From Adoptive Families

I found my child's first mom online; should I contact her?

We are in a semi-open adoption relationship with our son's first mother. The first year we sent the agreed upon pictures and letters through the agency and on his first birthday we got a letter and some pictures back from her. The next time we sent a letter, pictures and a gift through the agency, it was all returned to us. The agency said to stop sending them stuff but to keep writing. She had moved without updating her address. I have asked the agency to try to find her new address and contact her but they won't.

So, I just happened to type her name in to a search on Facebook and she popped right up! I am really tempted to create another more anonymous page for us and contact her by sending our email address through Facebook. I just want to let her know that we still would like contact with her and that we are still here hoping to hear from her when she is ready. I don't want to inflict unnecessary pain on her. She can ignore the request or write back if she wants. My husband thinks that this is pushy and inappropriate. I feel like it might open the door for her a little. Is it wrong to do this without the agency involved?

My agency is asking for more money, is this ok?

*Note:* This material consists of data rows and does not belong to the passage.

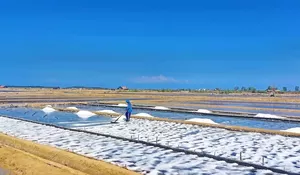 Potensi Ekonomi Garam Indonesia Capai Rp4,14 T
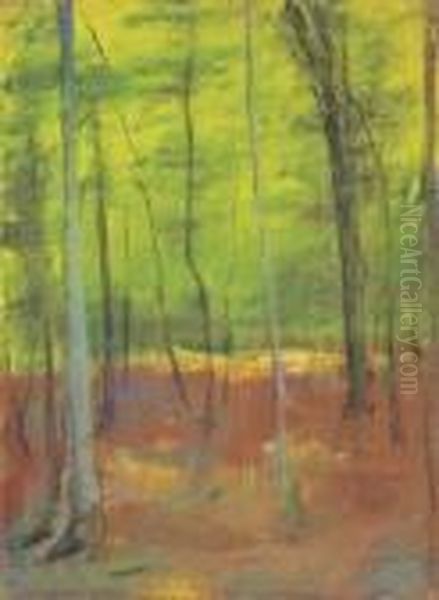 "sonne Im Buchenwald" - view 1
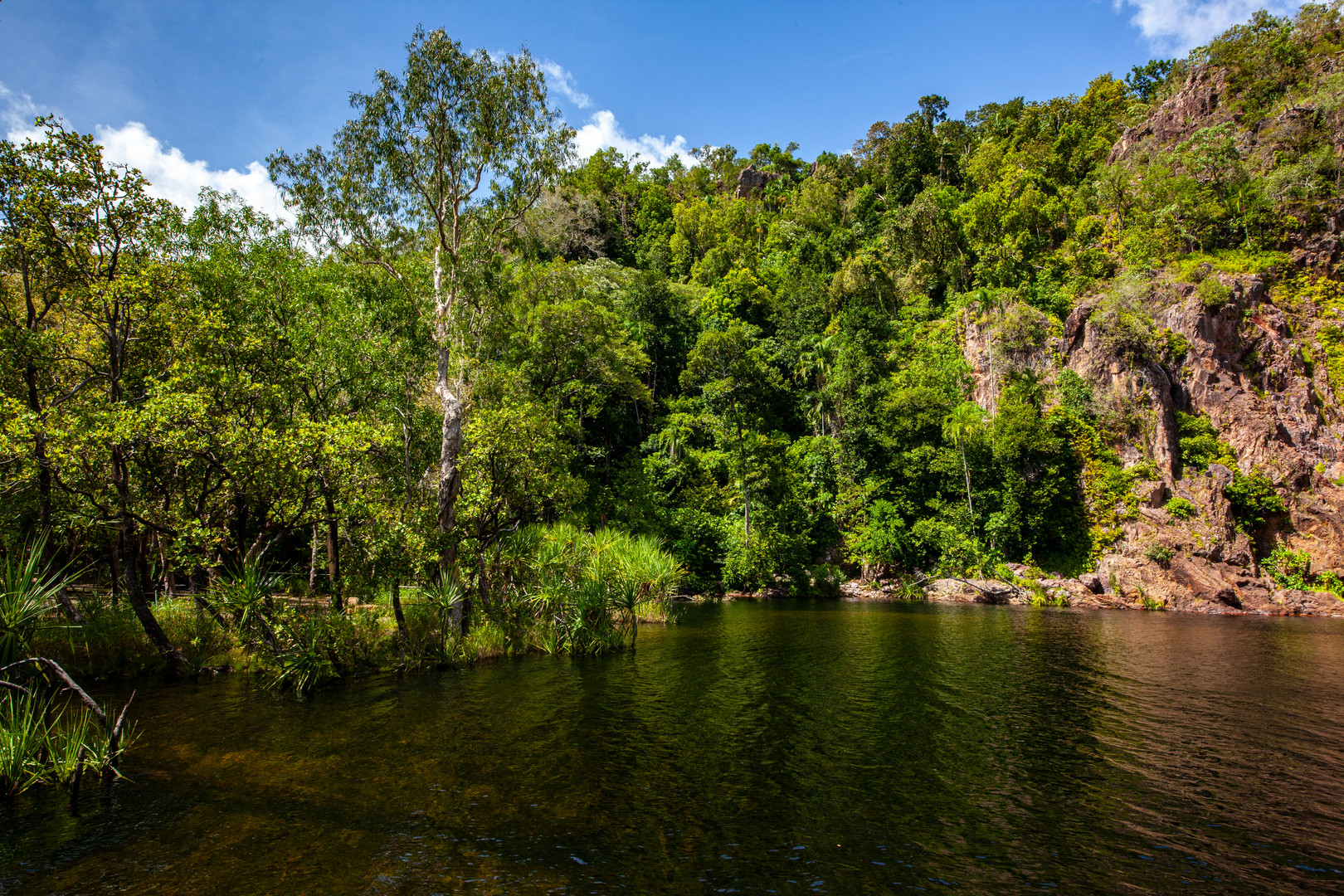 Vegetation At Litchfield Nationalpark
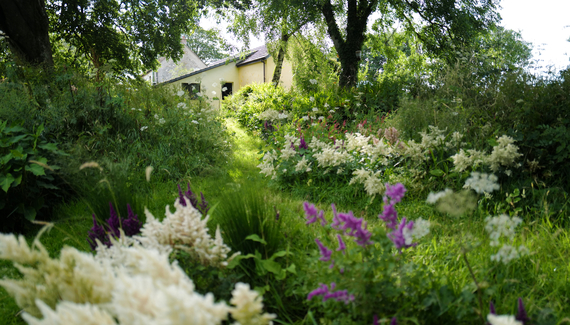 The Artist Barn - Gallery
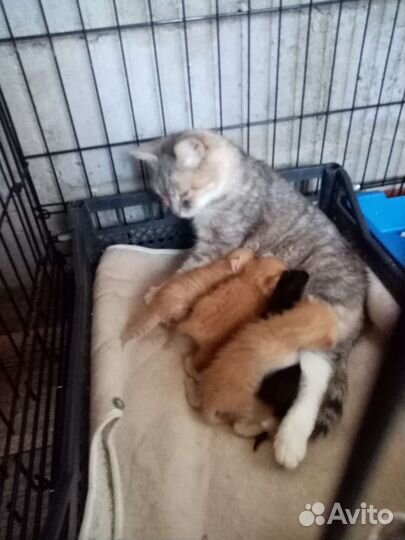 Котята и кошка в добрые руки бесплатно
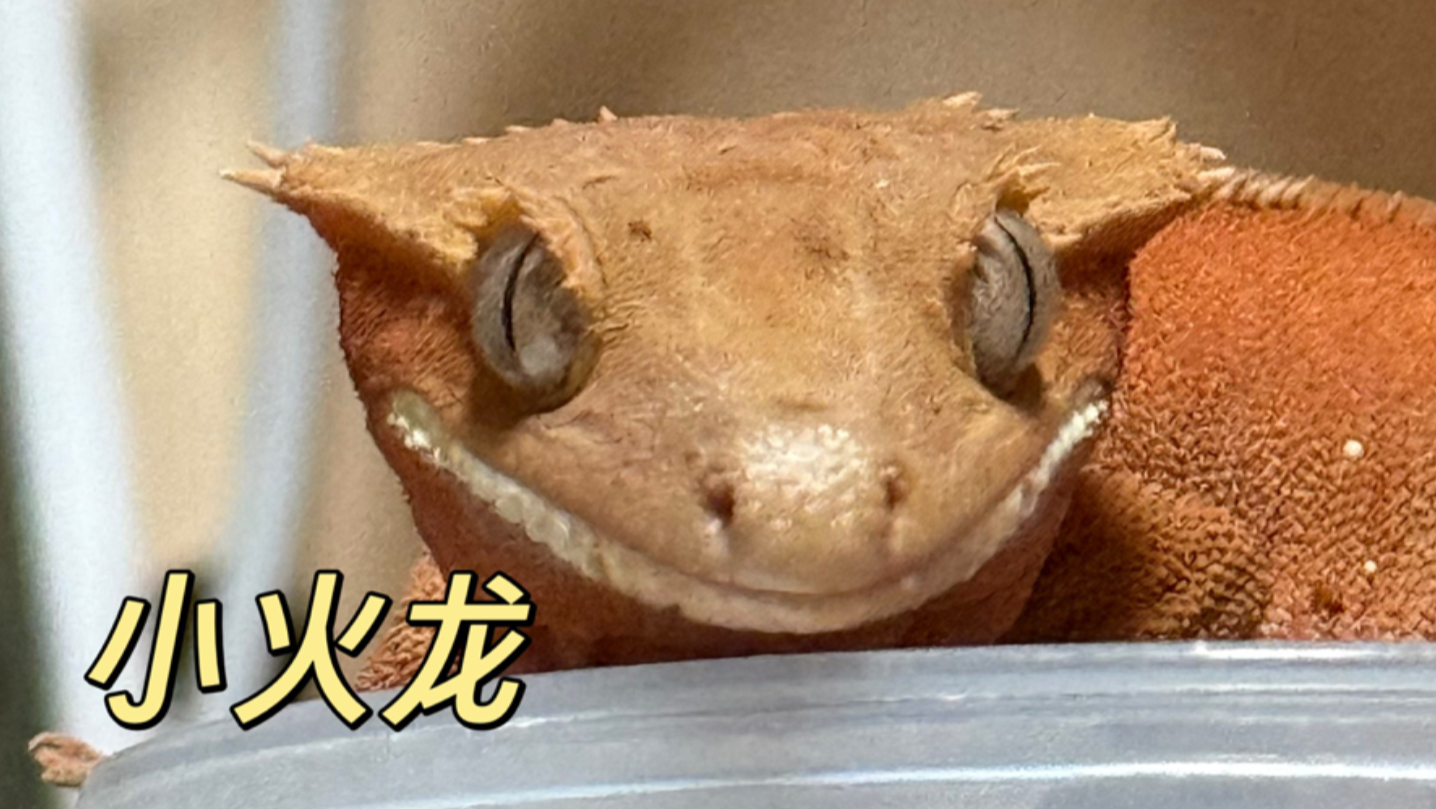 睫角：我！是！恶！龙！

The agency I adopted from recently sent a letter asking for money to support their operations due to circumstance in the difficulties with 2 of the 7 countries they are affliliated with. Is this now a common practice for agencies to request monetary contribution to maintain their services? It feels so inappropriate - am I off?

Should I wait for them to contact me first?

how do I know if my birthsons parents want me to contact them, or should I wait for them to do so?

How do I decline a first parent's requests?

When adopting our daughter, her birthmother had been out of her life for 3 1/2 year. It was obvious to all involved that she belonged with us. Our contract states the usual, quarterly visits, pictures, no friends, visits at our home etc. Yet verbally we talked about how it could be whatever we make the contact to be and there was no reason why she couldn't visit more often that the contract outlined. We explained that the contract was to fall back on, if needed. TWO MONTHS into the new arrangement, our daughters first mother is constantly asking for extra's; take her to her workplace to show all her friends, come early, stay late, hang out at the mall. Our daughter is only 4 years old. Many of the things her first mother is requesting are the exact things we want to protect her from! I am having difficulty staying positive and declining her requests with grace. Any suggestions?